In a sports conference for young women called LEAD Summit held in Austin, TX, Missy Franklin opened up about her struggles with mental illness. For those who don’t follow the Olympics, Missy is a five-time gold medalist and swimming superstar. At the summit, she was asked to talk about perseverance.

She said her favorite definition for perseverance was “steadfastness in doing something despite difficulty or delay in achieving success.” In a “Gold Medal Minute” video produced by Mel Stewart, two-time gold medalist and founder of SwimSwam.com, he interviewed Missy. I urge you to take the time to listen to what Missy has to say and the journey she shares. As Stewart described it, “Missy went deep sharing some raw and personal history.
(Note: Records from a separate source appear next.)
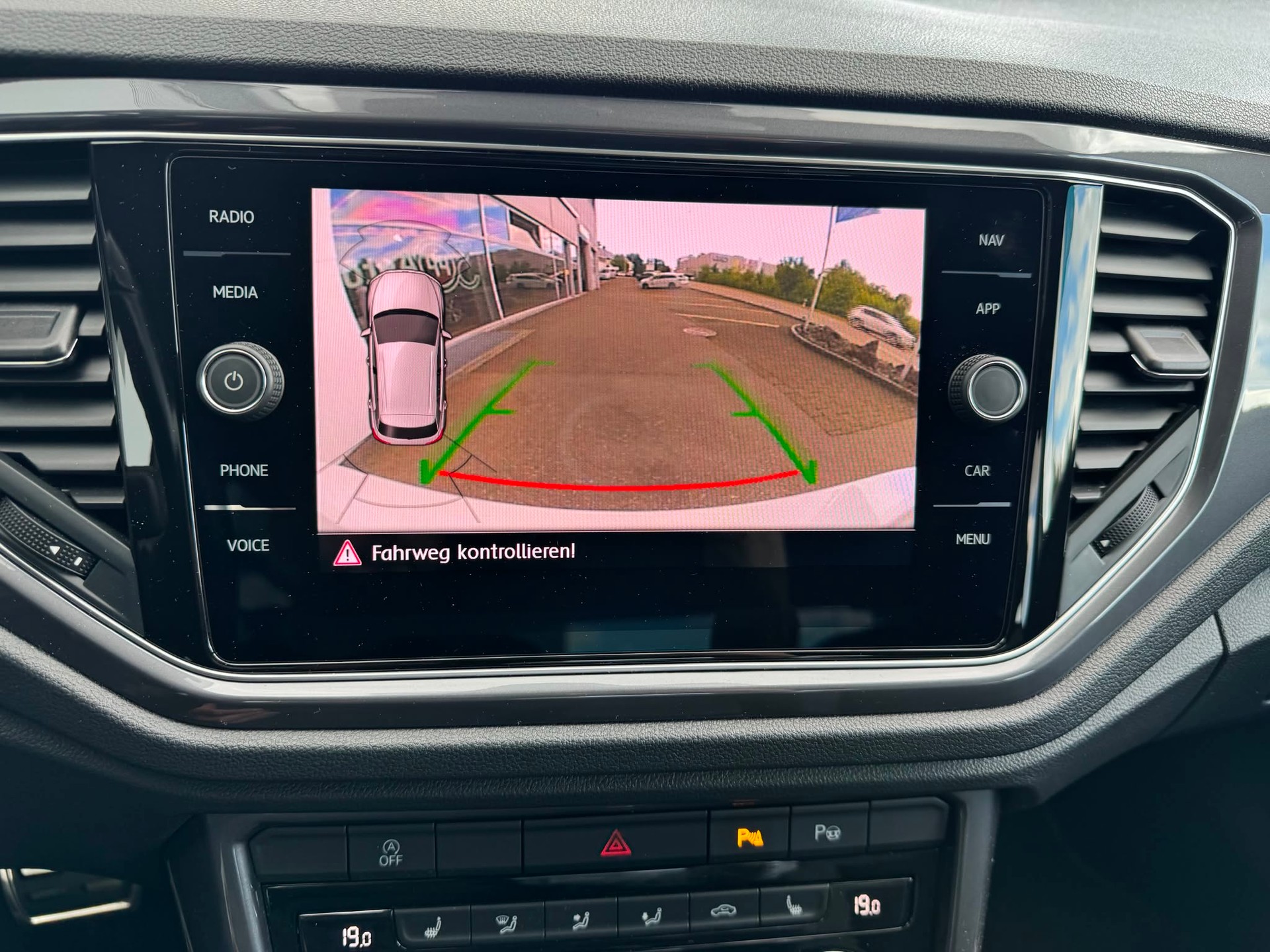 VW T-Roc 2.0 TSI Sport DSG 4Motion-image-11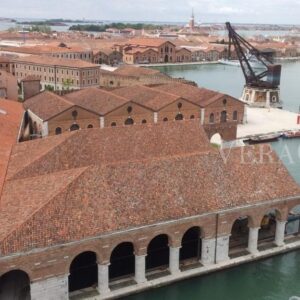 La Biennale Arte di Venezia 2022, l’Esposizione ispirata ad un libro di fiabe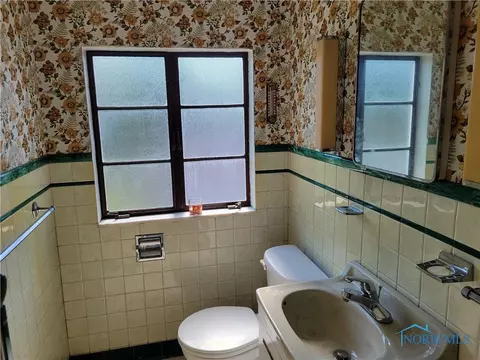 742 Evesham Ave, Toledo, OH 43607 photo 12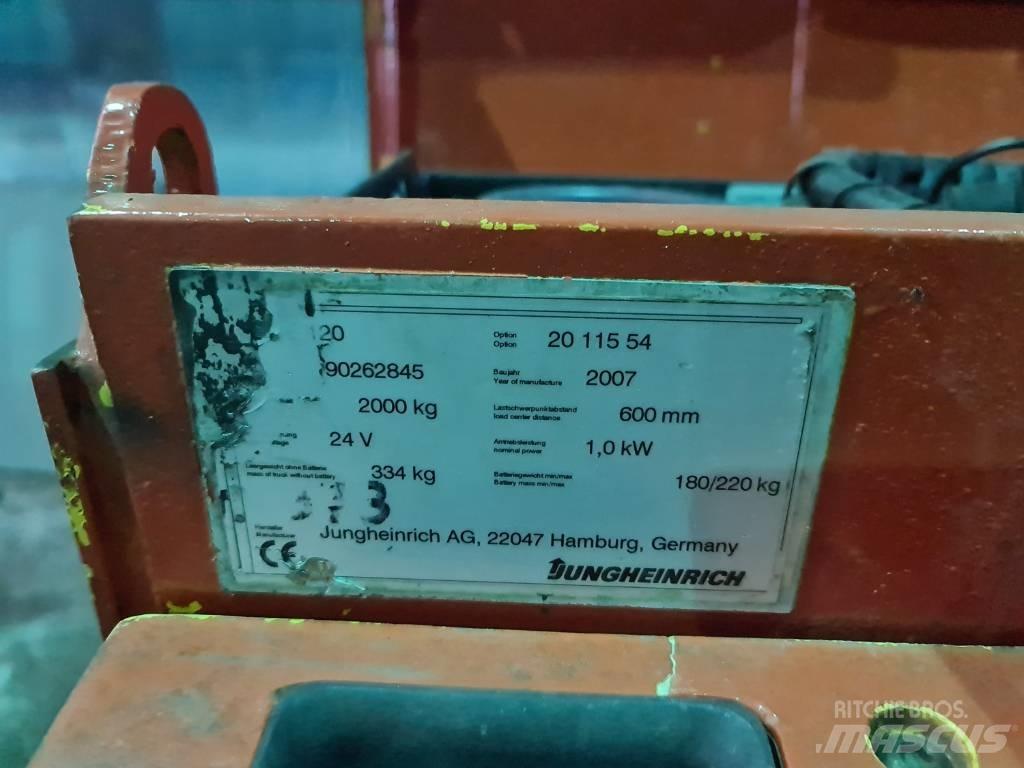 Jungheinrich EJE120 手摇升降机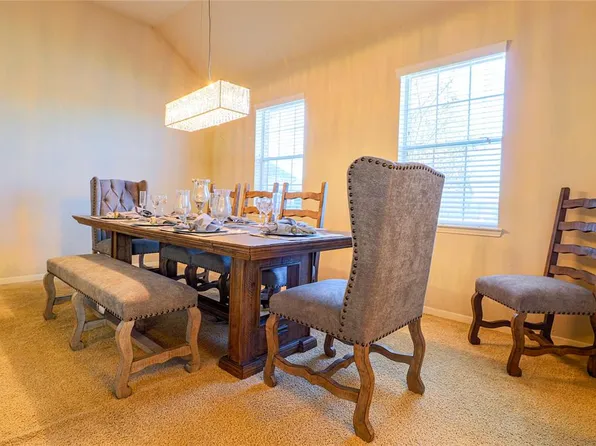 303 Lake Line Dr, Alvin, TX 77511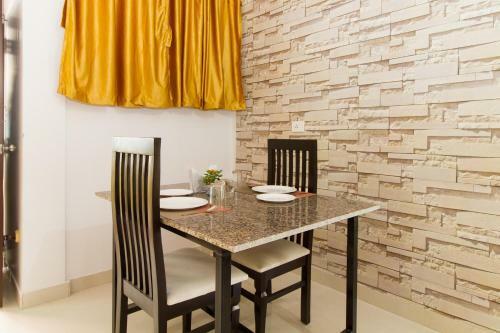 Apartamentos Executive Balcony Rooms - 5 Rooms - 2 Single Cozy Beds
Two months before the Olympic Trials last year, Missy was diagnosed with depression, anxiety, insomnia and an eating disorder when she was hitting a low while sports fans and the world were expecting her to rise up.”

Watch “MISSY FRANKLIN BATTLES BACK FROM DEPRESSION: GMM PRESENTED BY SWIMOUTLET.COM” here.

Missy explains how her definition of perseverance has changed from 2012, 2013, and 2014 when she said it was “shallow.” She thought perseverance was coming out at the other end successful and that at that time in her life “everything came with so much ease.”

She has some poignant words about success and what it means to her. “Your Definition of success is going to change and you need to let it,” Missy said. “That is the only definition that matters because you’re constantly going to have people in your life telling you what it means to be successful. And that is different for every single person. If you’re not striving for your own version of success, you’re never going to be happy or fulfilled.”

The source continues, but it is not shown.